Andrew Sully Sullens, 32, of Dahlonega, while deployed in Afghanistan in 2009 was one of four members of the Georgia National Guard who was critically injured when their Humvee ran over an explosive device that left him with a broken pelvis, broken leg and severe burns. He suffered massive blood loss and was placed on a ventilator for lung complications after surgery. The damage to his leg was so severe, Sullens was unable to walk.
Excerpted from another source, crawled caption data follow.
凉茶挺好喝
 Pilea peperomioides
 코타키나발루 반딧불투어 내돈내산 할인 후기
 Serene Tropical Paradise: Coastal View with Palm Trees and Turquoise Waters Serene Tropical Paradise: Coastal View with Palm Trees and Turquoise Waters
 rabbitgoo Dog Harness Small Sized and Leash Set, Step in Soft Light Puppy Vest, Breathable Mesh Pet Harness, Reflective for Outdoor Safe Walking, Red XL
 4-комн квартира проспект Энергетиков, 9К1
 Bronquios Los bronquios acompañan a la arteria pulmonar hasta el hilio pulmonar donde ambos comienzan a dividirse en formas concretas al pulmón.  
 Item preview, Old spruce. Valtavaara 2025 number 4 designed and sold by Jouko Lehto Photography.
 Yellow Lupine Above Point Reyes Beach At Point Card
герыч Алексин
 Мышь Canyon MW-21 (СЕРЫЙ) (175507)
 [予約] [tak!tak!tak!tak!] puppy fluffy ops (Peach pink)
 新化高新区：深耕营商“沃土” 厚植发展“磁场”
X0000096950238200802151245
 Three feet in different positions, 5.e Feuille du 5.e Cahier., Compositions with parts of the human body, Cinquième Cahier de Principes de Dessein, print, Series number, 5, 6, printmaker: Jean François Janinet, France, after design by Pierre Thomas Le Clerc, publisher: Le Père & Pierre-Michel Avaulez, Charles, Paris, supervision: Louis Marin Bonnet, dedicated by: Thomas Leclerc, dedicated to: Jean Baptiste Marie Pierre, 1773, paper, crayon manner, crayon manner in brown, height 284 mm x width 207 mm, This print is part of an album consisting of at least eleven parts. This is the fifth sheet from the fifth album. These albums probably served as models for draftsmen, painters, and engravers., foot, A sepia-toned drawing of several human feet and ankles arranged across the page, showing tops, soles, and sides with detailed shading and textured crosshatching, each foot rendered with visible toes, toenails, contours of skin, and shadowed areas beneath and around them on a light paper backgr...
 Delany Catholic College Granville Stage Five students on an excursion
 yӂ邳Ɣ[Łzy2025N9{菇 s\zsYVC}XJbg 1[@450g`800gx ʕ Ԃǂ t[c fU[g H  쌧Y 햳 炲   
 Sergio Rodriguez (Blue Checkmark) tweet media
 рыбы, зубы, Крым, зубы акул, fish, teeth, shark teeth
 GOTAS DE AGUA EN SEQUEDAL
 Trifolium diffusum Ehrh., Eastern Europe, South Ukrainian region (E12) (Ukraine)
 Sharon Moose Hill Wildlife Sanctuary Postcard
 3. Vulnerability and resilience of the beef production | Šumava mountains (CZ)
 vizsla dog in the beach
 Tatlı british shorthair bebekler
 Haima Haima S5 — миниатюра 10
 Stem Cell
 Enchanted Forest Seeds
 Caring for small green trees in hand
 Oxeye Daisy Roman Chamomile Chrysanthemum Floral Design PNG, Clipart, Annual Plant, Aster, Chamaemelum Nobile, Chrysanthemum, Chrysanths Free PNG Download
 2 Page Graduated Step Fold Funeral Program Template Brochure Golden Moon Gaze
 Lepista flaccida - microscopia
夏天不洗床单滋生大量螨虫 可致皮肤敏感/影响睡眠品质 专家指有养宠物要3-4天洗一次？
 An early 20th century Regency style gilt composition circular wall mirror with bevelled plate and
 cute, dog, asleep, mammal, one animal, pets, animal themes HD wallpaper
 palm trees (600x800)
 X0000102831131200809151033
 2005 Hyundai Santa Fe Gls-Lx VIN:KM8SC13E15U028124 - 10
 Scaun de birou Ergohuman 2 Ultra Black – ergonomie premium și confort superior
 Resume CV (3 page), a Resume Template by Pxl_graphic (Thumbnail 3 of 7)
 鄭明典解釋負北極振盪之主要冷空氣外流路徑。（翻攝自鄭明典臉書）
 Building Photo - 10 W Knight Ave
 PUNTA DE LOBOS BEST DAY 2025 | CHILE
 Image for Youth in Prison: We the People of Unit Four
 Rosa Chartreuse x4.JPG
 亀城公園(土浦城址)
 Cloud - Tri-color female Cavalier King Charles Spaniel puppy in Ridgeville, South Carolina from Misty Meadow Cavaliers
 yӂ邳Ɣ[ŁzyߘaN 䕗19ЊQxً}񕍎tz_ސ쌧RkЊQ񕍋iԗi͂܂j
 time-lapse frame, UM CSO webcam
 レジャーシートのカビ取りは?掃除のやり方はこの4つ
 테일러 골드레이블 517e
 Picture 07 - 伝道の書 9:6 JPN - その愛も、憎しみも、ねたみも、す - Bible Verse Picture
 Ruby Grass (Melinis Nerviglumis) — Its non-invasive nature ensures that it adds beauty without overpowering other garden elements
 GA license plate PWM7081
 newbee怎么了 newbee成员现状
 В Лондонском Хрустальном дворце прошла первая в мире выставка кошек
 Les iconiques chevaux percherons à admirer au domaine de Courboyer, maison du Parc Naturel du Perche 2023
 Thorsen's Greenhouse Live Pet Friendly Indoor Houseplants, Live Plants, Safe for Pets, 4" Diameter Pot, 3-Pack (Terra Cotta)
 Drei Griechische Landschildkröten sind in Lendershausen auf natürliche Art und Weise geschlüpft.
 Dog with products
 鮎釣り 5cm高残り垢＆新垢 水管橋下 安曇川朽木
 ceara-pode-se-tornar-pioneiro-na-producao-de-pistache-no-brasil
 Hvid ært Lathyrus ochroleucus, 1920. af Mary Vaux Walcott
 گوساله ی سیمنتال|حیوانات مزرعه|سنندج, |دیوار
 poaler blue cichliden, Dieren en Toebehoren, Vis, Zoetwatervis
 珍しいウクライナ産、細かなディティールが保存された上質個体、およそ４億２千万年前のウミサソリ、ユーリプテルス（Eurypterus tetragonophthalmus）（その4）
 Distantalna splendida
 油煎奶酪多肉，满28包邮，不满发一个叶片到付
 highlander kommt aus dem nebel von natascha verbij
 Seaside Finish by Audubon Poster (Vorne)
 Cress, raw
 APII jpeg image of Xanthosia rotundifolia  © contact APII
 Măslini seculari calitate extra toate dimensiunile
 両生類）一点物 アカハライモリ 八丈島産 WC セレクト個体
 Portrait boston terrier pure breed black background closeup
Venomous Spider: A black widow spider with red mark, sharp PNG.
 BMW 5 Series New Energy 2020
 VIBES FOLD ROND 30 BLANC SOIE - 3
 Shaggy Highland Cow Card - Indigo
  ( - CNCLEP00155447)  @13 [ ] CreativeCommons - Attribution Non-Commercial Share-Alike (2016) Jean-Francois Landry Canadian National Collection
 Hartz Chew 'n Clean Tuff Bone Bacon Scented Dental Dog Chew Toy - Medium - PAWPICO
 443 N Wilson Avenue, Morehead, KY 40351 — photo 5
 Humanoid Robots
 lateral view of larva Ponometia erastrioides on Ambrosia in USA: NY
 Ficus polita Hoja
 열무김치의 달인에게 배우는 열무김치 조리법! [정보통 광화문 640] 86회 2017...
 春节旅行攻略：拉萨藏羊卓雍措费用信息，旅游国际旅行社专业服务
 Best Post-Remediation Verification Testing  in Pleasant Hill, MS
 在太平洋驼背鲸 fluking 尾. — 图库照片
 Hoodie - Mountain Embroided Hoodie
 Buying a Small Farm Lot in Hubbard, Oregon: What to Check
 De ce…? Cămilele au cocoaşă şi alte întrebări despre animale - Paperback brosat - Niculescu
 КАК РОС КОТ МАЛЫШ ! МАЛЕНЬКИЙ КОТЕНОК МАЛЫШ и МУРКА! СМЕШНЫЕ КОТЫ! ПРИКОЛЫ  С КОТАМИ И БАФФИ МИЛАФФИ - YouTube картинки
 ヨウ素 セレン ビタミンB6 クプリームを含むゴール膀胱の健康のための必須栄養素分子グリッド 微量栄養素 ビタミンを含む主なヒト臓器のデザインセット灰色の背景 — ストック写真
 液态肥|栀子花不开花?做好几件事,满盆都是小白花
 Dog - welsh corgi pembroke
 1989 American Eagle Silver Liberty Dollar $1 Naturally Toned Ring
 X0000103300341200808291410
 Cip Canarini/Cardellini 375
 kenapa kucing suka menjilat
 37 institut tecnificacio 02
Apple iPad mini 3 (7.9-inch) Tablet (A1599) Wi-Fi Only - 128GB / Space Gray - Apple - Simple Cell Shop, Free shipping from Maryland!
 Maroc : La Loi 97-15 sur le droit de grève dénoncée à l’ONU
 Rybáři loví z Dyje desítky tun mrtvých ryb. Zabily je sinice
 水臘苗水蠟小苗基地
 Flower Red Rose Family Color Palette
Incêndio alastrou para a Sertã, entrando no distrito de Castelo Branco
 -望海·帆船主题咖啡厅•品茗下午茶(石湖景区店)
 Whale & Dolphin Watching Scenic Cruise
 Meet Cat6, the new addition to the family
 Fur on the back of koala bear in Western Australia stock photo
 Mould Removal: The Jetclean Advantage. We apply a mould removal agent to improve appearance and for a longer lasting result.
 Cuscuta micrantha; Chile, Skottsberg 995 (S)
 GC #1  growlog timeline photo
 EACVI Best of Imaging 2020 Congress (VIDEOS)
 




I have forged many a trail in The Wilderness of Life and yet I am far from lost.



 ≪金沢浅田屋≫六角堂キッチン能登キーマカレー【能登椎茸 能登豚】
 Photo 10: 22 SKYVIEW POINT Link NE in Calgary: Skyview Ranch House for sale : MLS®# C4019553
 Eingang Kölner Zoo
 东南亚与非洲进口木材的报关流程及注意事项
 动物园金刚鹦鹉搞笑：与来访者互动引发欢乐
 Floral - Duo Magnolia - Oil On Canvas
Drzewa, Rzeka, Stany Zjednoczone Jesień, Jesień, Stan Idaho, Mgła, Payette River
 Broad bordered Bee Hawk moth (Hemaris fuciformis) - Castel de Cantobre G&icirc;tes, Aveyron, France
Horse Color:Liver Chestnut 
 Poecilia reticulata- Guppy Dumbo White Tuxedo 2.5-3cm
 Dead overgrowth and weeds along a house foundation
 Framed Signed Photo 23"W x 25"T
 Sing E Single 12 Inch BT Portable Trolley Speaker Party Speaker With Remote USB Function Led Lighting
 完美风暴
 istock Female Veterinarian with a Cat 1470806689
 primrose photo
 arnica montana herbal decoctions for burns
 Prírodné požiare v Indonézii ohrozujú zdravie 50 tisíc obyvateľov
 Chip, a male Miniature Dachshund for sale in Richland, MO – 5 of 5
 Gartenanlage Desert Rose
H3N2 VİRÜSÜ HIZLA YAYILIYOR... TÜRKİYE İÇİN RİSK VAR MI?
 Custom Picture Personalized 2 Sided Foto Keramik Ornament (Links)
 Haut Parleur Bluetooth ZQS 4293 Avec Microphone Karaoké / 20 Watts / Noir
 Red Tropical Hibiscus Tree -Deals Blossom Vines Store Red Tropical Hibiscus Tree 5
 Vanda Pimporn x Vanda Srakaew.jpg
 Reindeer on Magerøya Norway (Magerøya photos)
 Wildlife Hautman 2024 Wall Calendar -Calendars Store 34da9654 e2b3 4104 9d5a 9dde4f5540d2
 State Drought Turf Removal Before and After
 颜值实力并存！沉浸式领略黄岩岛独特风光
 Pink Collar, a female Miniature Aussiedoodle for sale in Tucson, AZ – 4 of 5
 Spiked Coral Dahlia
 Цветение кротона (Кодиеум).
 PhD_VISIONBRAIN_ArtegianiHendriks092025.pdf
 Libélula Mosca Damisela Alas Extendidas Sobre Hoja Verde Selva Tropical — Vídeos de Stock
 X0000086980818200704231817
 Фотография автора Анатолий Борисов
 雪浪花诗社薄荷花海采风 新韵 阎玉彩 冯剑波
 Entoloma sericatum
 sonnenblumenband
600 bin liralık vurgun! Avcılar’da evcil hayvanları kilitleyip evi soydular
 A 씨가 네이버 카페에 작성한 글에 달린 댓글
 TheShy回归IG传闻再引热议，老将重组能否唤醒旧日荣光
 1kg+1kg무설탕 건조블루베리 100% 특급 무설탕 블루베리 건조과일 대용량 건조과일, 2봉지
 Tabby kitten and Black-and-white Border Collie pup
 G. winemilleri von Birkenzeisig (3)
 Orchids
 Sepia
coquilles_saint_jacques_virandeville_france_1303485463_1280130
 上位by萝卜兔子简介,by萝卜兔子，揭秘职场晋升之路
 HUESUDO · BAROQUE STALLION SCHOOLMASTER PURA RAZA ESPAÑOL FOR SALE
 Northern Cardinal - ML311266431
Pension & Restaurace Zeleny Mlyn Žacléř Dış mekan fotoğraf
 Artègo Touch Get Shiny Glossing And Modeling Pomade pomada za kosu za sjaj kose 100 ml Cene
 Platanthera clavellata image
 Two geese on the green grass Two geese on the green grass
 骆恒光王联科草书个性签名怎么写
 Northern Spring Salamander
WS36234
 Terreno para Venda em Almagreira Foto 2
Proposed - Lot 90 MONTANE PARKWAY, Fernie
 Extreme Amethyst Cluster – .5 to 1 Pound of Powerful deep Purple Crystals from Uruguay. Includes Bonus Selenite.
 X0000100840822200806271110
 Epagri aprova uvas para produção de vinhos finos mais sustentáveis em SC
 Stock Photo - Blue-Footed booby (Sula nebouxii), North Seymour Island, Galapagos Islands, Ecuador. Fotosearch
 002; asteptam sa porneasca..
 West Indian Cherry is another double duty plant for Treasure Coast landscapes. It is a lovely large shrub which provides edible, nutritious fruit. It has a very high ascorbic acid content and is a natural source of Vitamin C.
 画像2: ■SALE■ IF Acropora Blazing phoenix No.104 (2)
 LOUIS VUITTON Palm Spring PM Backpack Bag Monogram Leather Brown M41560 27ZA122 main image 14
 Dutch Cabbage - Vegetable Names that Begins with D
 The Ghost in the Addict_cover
Amputation was his only option.

"I need a new one because I 'shrunk out of' this one," Sully said. "Overtime, there is pressure on the residual limb, it creates wounds and it can become painful to wear the prosthetic."

After seeing Sully's multiple, unsuccessful attempts at contacting the Veterans Administration for help on social media, his longtime friend Dawson County Middle School Language Arts Teacher, Chris Doerrer decided something had to be done to help.

Doerrer, also a medically retired vet, turned the situation into a writing assignment for his students using state standards.

"I wanted to show my students that learning to write well is not just about writing for a standardized test," the 8th English/Language Arts teacher said. "It's about writing and producing results in the real world."

Friday afternoon Doerrer's students wrote letters to U.S. Sen. Johnny Isakson, R-Ga., chair of the Senate committee on Veterans' Affairs about the plight of Sullens, who, in 2010, retired from the Army. The young writers incorporated the answer, cite, explain (ACE) strategy used to help students with the Georgia Milestones testing.

Sullens said the VA in Atlanta does not answer its phones.

"I've called countless times, and it would rollover to voicemail," Sully said, who is a modern language major at the University of North Georgia. "The mailbox would be full. Now, it just rings endlessly."

Sully realizes he is not alone in this battle.

"To the VA, I'm just another face," he said. "I can safely say that I am speaking for thousands of others countless others."

Sen. Isaksons office was contacted for comment.

Amanda Maddox, press secretary for the senator said in a phone call on Wednesday that a caseworker would be in touch with Sullens. Separately, in a recent press release regarding Isakson's Sept. 4 visit to Fort Gordon, it was stated the senator "has made it a priority in Congress to ensure our nations veterans are given the care and support they deserve once they have returned home from the battlefield."

At press time, Sullens had heard from a rep. from Isaksons offi ce, Sen. Steve Gooch and Rep. Kevin Tanner.